Two (new?) Versions of the A-theory

I’m not sure if this is truly original, but I have never encountered anyone defending either of the following two versions of the A-theory of time. Possibly because they are so wildly esoteric as to stand on the periphery of intelligibility. To explain them, let’s begin by thinking about the properties of Presentism, and C.D. Broad’s growing-block theory of time. On Presentism the set of things which exist is identical to the set of things which exist right now. Presentists think that there are no real future events (the future is not ‘waiting for us to get there’), and past events have literally gone out of existence. To become present is to become, full stop. On such a view not all the A-properties distinguished by J.M.E. Mctaggart in his famous essay The Unreality of Time are instantiated. It seems that a prerequisite for an event to literally have a property, such as the property of being ‘future,’ is that the event has to literally exist. If a thing literally fails to exist then it cannot literally have properties of any kind. Similarly, on Broad’s growing-block theory of time, things which are present come into existence at the present, and they continue to exist even once they have inherited the property of being ‘past,’ but future events do not literally exist (or have A-properties) at all.

Keeping these in mind, here are two other views. Since I’ve never encountered them in the literature before, I will take the liberty of giving them names. Let’s call them Apresentism and deteriorating-block theory, respectively.

On Apresentism events bear either the A-property of being future, the A-property of being past, or both, but no events bear neither. In particular, no events bear the A-property of being present. This is because the present, on this view, literally does not exist. The category of the ‘present’ is simply a heuristic tool, a useful fiction, but what it picks out is events which have both the A-properties of being past, and the A-properties of being future. All that ever really happens, on this view, is that events go from having exclusively future A-properties, to having both future and past A-properties, and then finally to having exclusively past A-properties. Is this view logically possible? I’m not inclined to think that it is, but showing what, precisely, has to be wrong with it remains a tall order. If one can show what is wrong with it, then I suspect one will be able to show what is wrong with presentism, but this is just a philosophical hunch.[1]

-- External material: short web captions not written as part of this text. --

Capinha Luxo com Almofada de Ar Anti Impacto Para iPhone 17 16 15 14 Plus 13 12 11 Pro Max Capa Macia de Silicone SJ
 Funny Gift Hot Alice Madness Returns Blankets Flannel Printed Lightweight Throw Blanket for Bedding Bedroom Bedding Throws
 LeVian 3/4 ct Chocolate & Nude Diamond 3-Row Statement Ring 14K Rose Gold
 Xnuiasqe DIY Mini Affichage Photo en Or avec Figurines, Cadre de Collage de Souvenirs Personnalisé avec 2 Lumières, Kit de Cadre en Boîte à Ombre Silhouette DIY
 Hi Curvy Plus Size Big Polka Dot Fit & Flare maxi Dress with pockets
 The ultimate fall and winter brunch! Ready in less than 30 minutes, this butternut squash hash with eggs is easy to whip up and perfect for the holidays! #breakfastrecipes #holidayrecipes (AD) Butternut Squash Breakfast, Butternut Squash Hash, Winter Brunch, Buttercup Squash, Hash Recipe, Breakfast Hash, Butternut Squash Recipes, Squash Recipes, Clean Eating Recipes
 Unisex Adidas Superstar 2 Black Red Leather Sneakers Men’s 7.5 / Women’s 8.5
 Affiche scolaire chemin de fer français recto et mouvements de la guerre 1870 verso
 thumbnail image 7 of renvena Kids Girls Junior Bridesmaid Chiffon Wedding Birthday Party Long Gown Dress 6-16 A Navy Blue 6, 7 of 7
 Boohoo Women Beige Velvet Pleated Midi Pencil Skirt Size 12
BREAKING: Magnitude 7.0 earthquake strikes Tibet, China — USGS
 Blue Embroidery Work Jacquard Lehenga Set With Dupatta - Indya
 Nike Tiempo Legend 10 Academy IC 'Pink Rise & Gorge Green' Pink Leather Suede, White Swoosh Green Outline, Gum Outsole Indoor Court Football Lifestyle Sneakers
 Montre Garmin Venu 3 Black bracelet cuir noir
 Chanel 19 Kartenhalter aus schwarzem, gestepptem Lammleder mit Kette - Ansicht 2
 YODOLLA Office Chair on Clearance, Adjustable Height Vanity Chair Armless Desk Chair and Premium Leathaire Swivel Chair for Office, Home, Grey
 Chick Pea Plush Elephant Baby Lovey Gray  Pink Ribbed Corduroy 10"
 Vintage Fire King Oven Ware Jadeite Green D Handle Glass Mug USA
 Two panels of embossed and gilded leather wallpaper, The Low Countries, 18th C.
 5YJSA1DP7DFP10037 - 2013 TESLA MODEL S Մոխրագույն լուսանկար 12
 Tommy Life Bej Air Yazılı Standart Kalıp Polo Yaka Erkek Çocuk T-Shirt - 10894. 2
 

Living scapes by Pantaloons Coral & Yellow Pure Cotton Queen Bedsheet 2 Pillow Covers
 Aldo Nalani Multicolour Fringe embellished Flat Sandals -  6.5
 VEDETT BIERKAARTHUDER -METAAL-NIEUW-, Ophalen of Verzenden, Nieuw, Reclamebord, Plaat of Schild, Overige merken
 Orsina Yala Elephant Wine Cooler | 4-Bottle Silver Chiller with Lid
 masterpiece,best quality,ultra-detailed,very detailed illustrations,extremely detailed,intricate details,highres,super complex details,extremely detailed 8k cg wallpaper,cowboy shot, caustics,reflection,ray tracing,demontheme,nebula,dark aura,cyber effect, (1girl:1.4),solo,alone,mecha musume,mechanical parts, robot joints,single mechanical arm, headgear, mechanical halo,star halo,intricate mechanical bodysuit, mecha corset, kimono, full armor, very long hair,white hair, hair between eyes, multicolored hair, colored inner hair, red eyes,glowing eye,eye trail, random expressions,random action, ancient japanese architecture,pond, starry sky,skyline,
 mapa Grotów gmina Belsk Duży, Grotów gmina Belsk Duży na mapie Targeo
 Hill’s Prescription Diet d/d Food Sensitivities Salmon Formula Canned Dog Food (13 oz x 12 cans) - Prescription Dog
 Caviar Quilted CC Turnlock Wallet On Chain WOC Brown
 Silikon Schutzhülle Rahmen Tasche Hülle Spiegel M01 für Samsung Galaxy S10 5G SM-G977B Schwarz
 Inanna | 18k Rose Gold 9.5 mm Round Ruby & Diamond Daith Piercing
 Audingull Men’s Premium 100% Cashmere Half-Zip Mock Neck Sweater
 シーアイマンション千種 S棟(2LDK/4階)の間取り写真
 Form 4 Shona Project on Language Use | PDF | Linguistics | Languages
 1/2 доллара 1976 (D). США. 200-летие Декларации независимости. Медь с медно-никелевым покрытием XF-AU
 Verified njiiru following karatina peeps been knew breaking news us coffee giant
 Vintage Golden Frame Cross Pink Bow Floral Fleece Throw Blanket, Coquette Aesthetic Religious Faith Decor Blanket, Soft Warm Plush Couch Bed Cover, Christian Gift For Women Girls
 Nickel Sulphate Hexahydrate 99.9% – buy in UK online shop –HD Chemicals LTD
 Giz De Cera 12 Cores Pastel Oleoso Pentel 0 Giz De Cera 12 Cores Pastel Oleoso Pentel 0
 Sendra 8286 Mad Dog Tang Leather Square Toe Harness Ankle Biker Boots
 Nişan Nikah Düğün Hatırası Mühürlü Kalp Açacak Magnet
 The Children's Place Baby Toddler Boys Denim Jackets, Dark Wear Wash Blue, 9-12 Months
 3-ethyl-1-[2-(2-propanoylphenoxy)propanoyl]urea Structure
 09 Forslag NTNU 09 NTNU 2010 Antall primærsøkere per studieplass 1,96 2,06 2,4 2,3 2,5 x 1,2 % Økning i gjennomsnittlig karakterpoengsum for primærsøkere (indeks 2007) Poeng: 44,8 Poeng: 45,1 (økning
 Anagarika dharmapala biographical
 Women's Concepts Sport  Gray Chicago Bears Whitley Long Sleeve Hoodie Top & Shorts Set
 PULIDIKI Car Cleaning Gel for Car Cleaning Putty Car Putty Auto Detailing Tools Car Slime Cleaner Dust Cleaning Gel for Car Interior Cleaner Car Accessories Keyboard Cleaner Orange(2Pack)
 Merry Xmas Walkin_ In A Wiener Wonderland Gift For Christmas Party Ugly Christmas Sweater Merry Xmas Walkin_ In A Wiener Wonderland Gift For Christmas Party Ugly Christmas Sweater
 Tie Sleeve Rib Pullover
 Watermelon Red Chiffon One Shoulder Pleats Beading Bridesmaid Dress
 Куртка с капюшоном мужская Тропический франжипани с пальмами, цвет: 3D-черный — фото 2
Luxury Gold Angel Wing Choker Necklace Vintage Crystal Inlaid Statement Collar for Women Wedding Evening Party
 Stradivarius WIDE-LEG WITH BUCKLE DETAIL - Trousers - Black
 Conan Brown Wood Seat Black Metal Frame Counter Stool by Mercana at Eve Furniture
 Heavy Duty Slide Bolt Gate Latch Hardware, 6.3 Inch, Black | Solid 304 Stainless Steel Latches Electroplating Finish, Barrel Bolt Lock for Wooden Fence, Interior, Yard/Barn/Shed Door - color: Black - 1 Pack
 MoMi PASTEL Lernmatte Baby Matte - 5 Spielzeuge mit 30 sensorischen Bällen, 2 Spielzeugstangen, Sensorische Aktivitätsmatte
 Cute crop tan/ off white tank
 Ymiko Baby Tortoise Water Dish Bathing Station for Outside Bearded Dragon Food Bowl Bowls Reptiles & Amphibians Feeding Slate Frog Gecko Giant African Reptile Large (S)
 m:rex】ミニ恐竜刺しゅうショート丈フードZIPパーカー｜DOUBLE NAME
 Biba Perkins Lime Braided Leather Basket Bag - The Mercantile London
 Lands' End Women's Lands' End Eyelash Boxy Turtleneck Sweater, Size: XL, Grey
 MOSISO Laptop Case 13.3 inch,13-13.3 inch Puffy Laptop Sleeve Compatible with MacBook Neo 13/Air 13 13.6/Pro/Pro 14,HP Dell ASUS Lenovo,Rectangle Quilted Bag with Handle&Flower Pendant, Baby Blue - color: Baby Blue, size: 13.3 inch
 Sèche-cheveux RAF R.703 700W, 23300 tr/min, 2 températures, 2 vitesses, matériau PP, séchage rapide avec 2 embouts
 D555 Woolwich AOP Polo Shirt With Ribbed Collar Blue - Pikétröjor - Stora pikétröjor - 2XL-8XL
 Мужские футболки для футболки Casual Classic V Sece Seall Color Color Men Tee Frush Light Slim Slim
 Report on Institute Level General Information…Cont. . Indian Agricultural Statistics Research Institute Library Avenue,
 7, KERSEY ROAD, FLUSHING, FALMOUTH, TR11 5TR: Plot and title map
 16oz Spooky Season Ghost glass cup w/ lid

The deteriorating-block theory is exactly what it sounds like. In place of events having the A-property of being present, and then inheriting the A-property of being past, but never literally having had the A-property of being future (so that layers and layers are added on to the world as the present rolls on), this view suggests that events have the A-property of being future, or the A-property of being present, but to become past is to fall out of existence entirely. Thus, the future is real, the present is real, and the present represents a sort of ontological precipice – events which cease to be present cease to be.